Always eyes watching you and the voice enveloping you. Asleep or awake, indoors or out of doors, in the bath or bed- no escape. Nothing was your own except the few cubic centimetres in your skull.
George Orwell, 1984
Facebook’s sentiment analysis – stealth data gathering
It appears that Facebook has been quietly gathering data on teens and now knows when they are feeling “insecure,” “worthless,” “stressed” or defeated” — and is giving that data to advertisers in order to allow them to better understand market segments – and presumably better target their advertising efforts. Facebook’s sentiment analysis information gathering and analysis could certainly be used by advertisers to target young social media users when they are potentially more vulnerable. Facebook came clean and said it was a mistake to share that information – but the question begs to be asked – just why then are they gathering it?
The social media giant claims that no actual advertising was done based on the information – it was requested by marketing companies in Australia and New Zealand who are interested in how people express themselves on the social media site.

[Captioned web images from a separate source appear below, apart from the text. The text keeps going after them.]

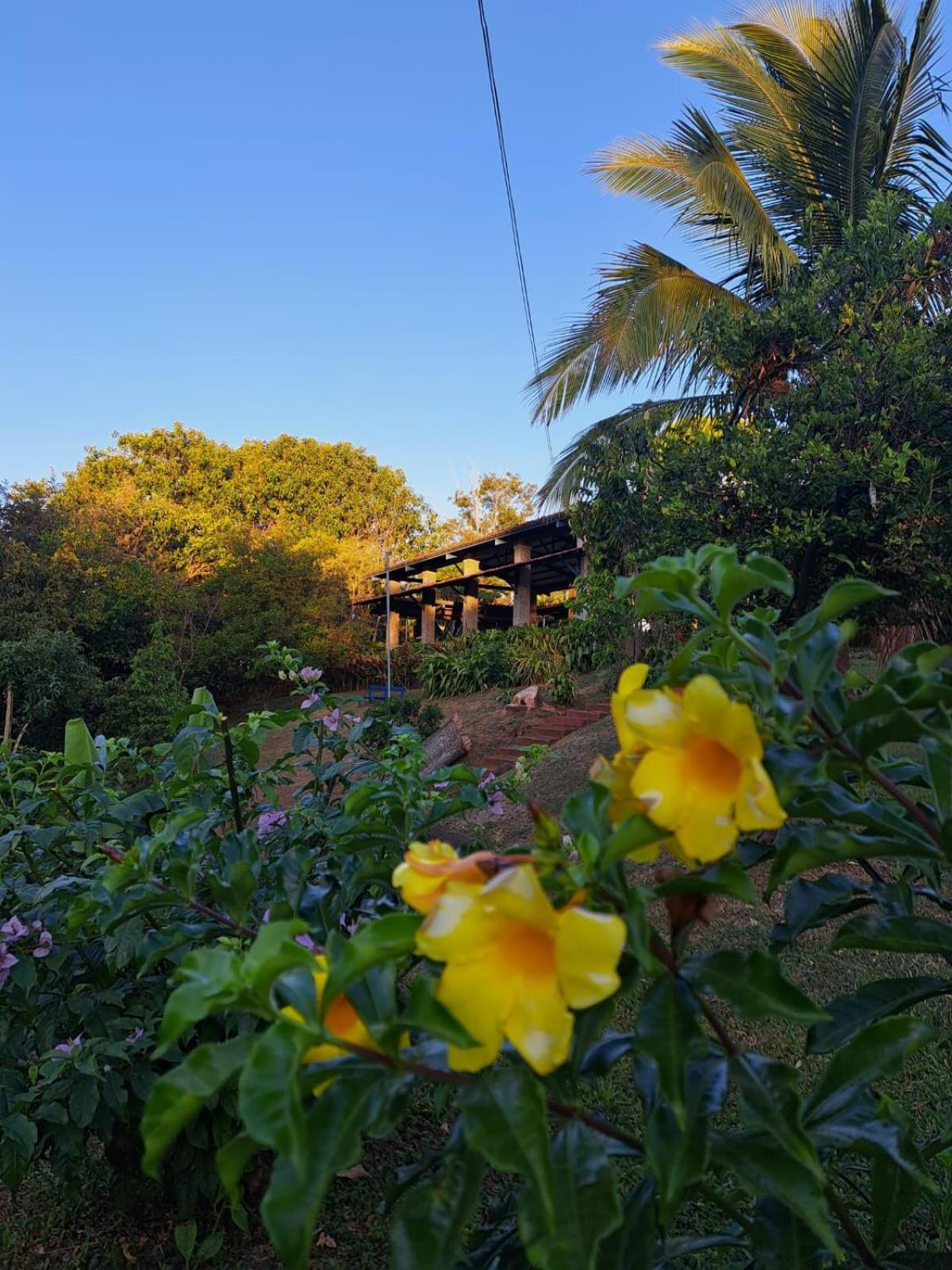 Serenity By Nature Carrillos Exteriör bild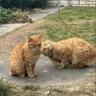 carl profil fotoğrafı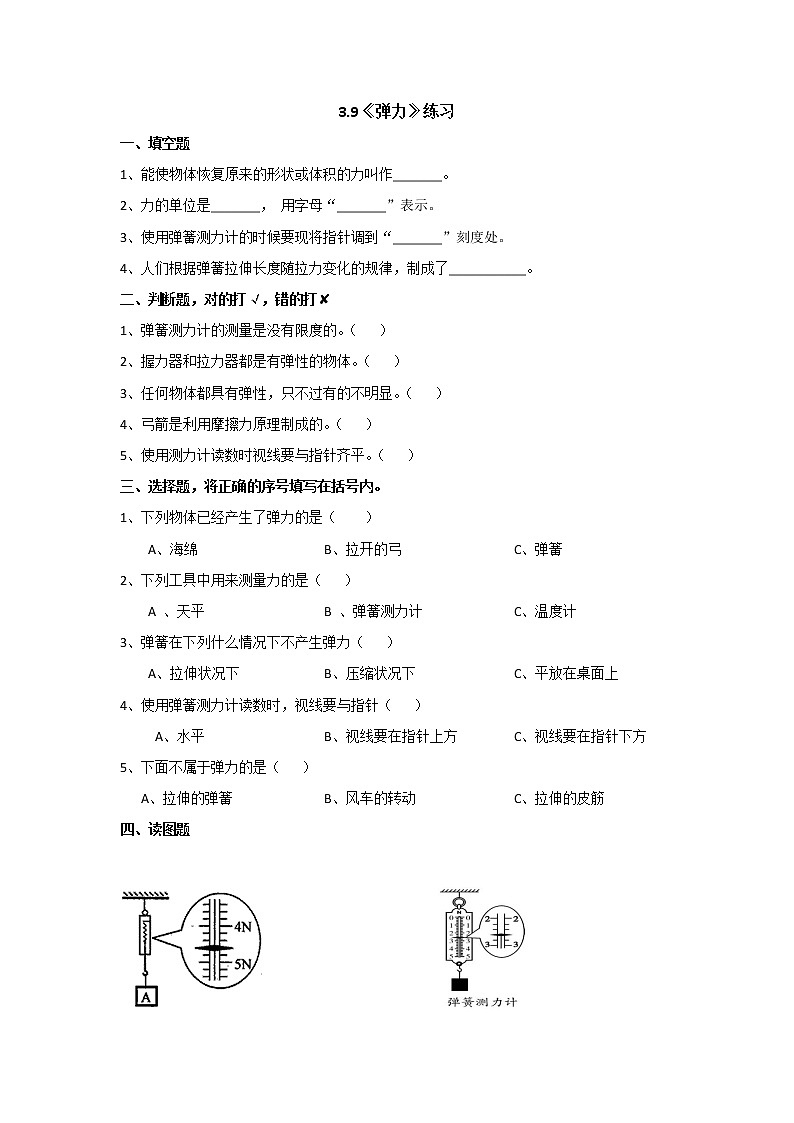3.9弹力（课件+教案+课时练）苏教版科学四年级上册01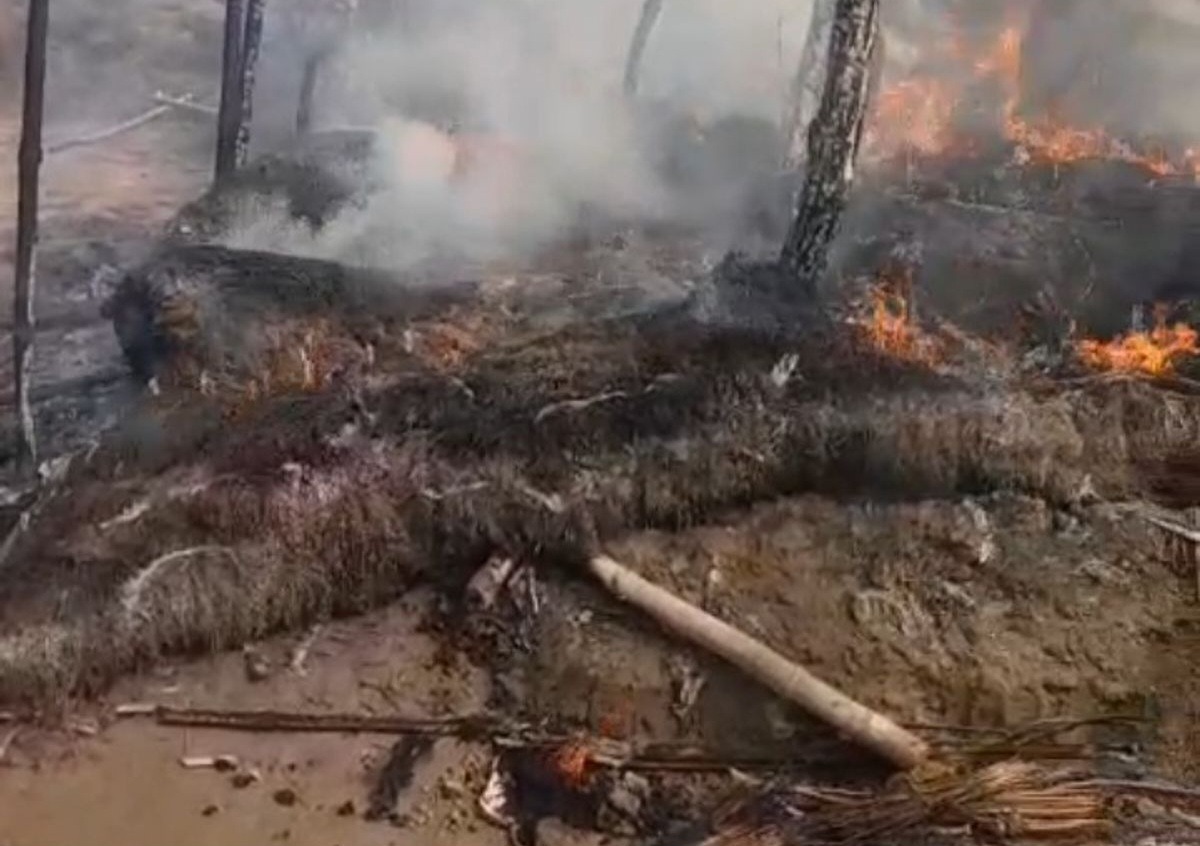 65559144 58d1 456c 8cae e341d870fcb9 1763882424030 1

The difference between selling that data and using it for advertising purposes is a thin, or in this case almost non-existent line. Those marketers will be using that information (albeit not targeting that individual – or so they claim) – otherwise they would not have requested it.
Searching your teenage skull
Are our emotions for sale? The latest news about Facebook’s sentiment analysis would seem to indicate that they are. Is this a good thing? If George Orwell was right it most certainly is not. Especially when it comes to teenagers who are struggling to find their place in the world and build a unique identity.